→ **The problem**: Retype the listing below exactly, pictures removed.
[Dataset extract Boundary: Start]
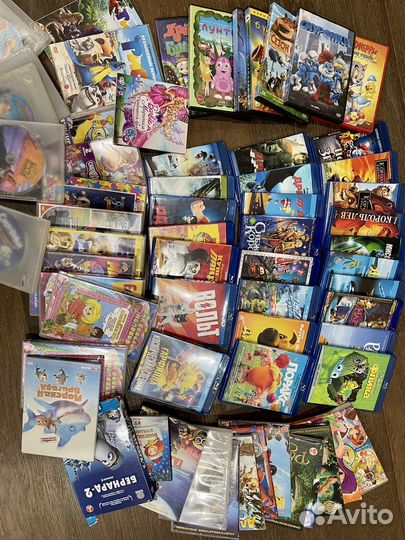 Dvd и blu ray диски мультфильмы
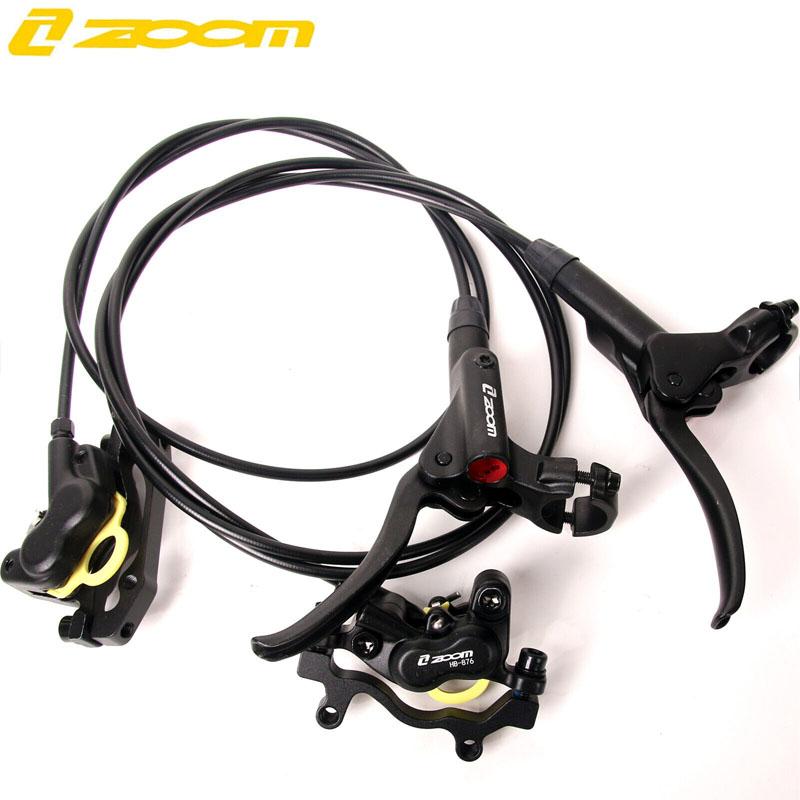 Pair Hydraulic Disc Brake ZOOM HB876 Left Front Right Rear MTB Bike 4-Piston Caliper Lever IS PM 160mm 800 1400mm Brakes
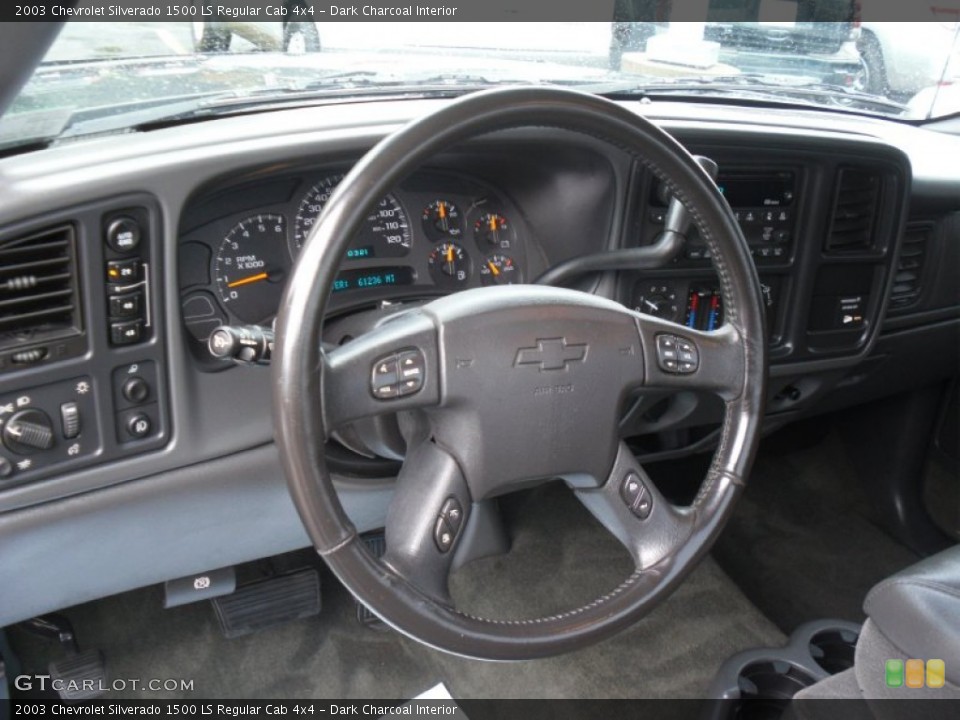 Dark Charcoal Interior Steering Wheel for the 2003 Chevrolet Silverado 1500 LS Regular Cab 4x4 #54837796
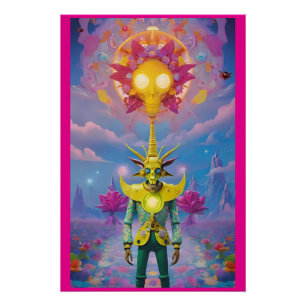 Een dode en dankbare Baphomet Perfect Poster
[Dataset extract Boundary: End]
→ **Response to the exercise**:
 Dvd и blu ray диски мультфильмы
 Pair Hydraulic Disc Brake ZOOM HB876 Left Front Right Rear MTB Bike 4-Piston Caliper Lever IS PM 160mm 800 1400mm Brakes
 Dark Charcoal Interior Steering Wheel for the 2003 Chevrolet Silverado 1500 LS Regular Cab 4x4 #54837796
 Een dode en dankbare Baphomet Perfect Poster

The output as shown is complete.